» ASSIGNMENT
Each line of the listing that contains the word "Blue" is to be copied.

» GIVEN RECORDS
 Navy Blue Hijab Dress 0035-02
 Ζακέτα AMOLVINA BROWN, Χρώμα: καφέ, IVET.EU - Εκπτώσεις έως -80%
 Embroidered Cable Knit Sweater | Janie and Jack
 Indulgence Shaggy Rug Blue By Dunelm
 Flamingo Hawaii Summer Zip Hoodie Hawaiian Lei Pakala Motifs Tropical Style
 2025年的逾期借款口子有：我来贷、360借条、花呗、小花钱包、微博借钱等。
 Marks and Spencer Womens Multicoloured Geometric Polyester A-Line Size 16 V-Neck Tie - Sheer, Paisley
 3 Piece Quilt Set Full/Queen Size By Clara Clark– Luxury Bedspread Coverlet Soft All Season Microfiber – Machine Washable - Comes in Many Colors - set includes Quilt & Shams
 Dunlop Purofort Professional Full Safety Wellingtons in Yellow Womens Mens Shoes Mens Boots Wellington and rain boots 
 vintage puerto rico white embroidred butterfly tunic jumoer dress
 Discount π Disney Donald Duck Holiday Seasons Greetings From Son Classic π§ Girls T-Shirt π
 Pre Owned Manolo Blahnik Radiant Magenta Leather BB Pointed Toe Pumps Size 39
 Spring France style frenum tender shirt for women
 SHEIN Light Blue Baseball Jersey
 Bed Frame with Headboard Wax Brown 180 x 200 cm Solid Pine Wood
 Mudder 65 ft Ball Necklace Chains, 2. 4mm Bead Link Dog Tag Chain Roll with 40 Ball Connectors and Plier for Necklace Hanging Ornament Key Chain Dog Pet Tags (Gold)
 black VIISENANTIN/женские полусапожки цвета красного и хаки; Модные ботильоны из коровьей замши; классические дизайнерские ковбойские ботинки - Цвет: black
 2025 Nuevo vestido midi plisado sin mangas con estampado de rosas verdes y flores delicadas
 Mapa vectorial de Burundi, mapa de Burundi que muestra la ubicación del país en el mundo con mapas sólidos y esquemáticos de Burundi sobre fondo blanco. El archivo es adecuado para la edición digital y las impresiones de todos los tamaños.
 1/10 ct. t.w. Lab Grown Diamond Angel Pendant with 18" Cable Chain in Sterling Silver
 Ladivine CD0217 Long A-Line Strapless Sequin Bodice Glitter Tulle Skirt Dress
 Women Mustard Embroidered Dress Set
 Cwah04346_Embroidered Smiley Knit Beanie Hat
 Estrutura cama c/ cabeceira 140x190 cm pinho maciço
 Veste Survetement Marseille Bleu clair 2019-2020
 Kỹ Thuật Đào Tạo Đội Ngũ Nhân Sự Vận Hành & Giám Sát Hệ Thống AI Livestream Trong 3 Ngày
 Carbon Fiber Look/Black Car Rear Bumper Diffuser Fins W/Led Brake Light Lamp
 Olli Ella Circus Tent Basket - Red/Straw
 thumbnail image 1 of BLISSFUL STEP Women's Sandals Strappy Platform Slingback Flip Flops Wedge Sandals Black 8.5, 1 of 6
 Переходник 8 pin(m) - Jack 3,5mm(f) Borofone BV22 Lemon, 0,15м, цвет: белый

» EXPECTED ANSWER
 Navy Blue Hijab Dress 0035-02
 Indulgence Shaggy Rug Blue By Dunelm
 SHEIN Light Blue Baseball Jersey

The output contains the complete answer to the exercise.